- _Task directions_: Scan the data for "Tote" and copy the lines it appears in.

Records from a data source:
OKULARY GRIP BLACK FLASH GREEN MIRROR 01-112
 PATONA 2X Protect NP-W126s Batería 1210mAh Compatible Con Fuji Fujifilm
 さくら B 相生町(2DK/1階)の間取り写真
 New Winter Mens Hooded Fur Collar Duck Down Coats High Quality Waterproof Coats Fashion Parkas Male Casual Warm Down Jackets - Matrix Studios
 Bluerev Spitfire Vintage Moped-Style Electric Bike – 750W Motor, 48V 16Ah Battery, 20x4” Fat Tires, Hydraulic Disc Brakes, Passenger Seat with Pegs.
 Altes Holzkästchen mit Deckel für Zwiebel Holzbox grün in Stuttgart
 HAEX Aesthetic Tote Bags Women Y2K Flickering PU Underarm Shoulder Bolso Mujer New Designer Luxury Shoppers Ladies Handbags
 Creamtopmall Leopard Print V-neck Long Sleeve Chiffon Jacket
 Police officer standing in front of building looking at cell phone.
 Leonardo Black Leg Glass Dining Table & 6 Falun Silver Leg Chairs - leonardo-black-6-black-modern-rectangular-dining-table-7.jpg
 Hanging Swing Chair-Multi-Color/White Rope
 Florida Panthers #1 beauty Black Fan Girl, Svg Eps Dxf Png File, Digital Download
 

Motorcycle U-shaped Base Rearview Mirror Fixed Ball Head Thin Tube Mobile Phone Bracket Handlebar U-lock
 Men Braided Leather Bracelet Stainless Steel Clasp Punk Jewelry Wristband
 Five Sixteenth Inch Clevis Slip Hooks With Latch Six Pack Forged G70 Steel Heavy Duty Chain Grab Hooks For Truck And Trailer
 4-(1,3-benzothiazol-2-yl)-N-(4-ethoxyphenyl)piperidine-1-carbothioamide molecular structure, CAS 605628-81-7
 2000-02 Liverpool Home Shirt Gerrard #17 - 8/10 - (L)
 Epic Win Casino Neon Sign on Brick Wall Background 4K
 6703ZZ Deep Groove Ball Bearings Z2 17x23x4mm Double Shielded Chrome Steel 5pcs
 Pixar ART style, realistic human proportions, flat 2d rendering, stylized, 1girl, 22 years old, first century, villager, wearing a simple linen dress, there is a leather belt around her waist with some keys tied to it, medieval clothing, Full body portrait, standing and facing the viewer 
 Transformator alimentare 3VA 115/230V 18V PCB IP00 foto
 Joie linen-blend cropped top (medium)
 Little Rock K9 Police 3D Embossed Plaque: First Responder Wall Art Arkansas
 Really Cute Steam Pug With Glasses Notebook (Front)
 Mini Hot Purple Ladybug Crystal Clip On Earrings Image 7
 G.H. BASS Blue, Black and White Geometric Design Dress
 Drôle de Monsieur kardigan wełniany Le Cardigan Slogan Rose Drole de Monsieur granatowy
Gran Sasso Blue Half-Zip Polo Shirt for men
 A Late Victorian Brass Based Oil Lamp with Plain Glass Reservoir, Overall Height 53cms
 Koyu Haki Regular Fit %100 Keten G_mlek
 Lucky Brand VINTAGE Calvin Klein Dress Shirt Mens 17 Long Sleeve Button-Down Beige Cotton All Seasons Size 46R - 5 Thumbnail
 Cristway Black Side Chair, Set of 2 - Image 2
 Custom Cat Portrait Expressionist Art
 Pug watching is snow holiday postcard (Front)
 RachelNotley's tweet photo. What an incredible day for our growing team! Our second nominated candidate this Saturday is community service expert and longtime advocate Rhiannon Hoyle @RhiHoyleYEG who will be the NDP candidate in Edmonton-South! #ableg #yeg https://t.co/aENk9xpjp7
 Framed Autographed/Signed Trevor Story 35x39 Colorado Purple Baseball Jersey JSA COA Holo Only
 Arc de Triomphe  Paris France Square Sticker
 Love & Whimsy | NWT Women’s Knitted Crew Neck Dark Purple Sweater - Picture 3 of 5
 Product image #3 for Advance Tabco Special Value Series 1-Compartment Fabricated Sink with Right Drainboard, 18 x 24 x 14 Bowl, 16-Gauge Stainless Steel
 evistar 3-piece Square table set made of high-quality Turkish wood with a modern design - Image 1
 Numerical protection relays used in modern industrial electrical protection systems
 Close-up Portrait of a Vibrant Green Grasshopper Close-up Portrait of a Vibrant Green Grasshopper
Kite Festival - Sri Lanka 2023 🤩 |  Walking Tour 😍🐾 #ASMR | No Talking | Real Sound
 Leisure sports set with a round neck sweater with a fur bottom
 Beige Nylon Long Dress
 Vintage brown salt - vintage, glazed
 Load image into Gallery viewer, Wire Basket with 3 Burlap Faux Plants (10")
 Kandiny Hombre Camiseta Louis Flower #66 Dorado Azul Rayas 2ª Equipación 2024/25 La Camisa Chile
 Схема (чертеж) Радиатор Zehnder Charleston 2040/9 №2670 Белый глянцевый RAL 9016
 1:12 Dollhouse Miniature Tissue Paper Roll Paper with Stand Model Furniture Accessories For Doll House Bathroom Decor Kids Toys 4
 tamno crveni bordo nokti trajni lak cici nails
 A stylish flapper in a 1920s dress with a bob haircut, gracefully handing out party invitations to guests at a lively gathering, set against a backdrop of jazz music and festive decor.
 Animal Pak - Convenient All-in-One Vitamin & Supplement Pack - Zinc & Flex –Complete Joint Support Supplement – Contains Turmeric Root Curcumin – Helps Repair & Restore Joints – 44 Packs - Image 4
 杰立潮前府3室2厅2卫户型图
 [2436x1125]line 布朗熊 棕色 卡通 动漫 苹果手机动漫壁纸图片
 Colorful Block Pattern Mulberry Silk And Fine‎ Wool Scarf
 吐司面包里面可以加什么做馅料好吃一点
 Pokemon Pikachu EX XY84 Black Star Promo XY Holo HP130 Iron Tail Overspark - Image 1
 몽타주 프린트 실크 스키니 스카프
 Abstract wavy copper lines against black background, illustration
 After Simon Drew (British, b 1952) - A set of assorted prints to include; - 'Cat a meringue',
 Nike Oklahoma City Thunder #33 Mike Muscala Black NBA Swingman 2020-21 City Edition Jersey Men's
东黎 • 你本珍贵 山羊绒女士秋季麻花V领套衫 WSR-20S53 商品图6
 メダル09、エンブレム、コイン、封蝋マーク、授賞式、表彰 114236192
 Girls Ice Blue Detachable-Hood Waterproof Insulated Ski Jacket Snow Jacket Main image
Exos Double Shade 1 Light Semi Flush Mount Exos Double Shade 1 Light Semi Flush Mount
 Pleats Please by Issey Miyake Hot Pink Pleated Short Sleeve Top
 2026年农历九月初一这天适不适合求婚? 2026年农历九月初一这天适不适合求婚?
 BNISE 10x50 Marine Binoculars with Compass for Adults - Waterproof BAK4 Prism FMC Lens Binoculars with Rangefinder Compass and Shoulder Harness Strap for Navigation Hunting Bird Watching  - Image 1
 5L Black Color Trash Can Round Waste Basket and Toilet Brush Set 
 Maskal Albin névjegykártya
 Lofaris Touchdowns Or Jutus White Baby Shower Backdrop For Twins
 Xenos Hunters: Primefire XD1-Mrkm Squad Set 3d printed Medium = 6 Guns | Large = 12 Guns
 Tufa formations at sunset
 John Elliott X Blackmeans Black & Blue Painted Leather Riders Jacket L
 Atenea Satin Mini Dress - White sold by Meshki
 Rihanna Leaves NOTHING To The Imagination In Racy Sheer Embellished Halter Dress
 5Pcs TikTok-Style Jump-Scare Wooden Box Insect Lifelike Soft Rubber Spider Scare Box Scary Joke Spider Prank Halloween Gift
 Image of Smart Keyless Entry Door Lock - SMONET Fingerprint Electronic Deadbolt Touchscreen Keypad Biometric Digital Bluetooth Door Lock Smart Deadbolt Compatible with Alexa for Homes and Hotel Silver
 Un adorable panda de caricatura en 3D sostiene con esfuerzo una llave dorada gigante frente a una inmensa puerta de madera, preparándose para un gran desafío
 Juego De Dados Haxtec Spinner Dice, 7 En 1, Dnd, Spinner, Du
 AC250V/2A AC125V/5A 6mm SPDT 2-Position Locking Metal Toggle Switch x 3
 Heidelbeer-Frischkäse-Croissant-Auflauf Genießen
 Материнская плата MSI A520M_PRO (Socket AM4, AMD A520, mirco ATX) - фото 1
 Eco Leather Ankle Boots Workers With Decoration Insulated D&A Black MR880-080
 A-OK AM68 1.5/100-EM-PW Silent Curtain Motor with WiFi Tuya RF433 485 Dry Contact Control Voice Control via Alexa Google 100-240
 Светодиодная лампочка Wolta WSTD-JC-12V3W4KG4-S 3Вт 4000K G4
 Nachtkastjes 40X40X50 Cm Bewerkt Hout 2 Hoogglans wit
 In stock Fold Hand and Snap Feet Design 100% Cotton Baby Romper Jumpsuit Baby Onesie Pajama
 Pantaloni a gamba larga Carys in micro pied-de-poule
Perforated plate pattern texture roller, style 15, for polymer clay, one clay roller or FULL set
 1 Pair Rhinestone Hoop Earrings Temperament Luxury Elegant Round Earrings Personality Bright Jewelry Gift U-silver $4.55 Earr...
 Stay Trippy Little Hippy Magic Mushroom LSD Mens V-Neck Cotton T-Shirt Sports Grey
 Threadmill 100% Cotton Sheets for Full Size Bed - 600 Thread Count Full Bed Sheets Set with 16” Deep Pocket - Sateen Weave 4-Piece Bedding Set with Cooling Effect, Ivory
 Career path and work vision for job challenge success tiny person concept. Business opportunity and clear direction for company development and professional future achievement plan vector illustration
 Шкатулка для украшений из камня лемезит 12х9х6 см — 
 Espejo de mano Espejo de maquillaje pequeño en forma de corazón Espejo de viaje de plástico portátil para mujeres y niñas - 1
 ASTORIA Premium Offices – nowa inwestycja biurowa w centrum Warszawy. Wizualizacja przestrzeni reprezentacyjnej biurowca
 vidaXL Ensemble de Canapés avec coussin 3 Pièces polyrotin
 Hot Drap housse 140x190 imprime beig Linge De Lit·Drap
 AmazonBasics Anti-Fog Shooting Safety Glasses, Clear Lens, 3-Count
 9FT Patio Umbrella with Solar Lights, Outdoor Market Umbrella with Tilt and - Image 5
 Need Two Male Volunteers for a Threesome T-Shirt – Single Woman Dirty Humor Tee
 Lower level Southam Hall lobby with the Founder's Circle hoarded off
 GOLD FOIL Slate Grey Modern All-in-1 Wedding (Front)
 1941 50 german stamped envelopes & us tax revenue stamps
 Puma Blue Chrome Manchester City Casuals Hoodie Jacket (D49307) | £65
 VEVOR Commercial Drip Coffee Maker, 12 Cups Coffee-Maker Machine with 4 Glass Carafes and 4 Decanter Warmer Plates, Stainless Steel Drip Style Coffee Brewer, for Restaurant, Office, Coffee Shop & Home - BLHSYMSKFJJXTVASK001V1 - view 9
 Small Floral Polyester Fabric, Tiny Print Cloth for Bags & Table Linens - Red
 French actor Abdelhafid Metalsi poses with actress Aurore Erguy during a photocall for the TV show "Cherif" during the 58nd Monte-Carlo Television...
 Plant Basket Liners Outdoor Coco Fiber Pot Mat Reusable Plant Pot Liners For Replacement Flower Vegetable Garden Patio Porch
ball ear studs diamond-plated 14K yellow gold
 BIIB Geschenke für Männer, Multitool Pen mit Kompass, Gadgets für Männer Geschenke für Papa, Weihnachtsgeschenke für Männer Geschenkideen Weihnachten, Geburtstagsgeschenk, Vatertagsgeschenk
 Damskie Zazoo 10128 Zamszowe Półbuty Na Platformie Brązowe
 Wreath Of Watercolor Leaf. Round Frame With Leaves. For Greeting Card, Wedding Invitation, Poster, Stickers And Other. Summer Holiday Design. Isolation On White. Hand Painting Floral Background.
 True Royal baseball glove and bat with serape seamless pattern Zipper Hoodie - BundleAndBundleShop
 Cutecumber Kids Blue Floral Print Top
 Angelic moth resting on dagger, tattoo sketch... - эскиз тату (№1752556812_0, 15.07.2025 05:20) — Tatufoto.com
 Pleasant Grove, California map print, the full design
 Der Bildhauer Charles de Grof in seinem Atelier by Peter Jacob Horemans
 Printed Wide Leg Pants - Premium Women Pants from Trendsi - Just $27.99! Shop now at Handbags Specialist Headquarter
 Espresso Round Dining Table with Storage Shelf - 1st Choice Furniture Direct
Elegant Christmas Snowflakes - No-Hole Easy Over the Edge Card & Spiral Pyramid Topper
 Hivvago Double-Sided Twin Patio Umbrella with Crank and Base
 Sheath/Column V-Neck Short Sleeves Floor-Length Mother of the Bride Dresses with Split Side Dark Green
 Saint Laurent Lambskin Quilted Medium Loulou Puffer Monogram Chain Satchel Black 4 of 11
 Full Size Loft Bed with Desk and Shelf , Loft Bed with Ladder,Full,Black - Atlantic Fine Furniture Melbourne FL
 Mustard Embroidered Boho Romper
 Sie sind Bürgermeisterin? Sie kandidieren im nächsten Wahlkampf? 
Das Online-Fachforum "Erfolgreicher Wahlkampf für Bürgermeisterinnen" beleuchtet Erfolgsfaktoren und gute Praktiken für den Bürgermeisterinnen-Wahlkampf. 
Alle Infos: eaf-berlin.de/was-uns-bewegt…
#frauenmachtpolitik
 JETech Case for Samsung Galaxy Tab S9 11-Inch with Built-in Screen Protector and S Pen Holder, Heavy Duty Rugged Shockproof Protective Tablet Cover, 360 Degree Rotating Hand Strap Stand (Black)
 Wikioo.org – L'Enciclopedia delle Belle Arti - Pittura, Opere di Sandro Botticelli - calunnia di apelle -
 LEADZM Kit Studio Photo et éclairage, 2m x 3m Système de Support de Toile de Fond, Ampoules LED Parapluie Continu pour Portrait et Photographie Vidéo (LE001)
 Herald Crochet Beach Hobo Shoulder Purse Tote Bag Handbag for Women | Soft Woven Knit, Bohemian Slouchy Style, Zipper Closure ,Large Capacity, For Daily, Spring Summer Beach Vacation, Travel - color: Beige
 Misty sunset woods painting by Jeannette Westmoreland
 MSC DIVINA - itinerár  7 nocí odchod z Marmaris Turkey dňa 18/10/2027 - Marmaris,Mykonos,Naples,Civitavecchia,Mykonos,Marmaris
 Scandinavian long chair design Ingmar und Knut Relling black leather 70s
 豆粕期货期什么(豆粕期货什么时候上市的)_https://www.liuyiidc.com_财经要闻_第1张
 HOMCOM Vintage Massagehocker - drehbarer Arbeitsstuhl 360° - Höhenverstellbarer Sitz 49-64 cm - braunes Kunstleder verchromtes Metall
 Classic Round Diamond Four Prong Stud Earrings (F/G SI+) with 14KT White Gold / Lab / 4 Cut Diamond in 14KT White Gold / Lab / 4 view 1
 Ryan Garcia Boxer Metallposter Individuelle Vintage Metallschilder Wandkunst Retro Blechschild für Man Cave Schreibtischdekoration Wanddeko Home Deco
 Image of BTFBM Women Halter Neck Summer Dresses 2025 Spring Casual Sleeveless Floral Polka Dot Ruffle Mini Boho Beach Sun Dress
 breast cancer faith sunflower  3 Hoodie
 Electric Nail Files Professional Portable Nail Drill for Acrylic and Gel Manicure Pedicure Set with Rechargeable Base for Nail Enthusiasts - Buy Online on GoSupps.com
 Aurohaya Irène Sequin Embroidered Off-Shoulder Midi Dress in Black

- _Response to the exercise_:
 HAEX Aesthetic Tote Bags Women Y2K Flickering PU Underarm Shoulder Bolso Mujer New Designer Luxury Shoppers Ladies Handbags
 Herald Crochet Beach Hobo Shoulder Purse Tote Bag Handbag for Women | Soft Woven Knit, Bohemian Slouchy Style, Zipper Closure ,Large Capacity, For Daily, Spring Summer Beach Vacation, Travel - color: Beige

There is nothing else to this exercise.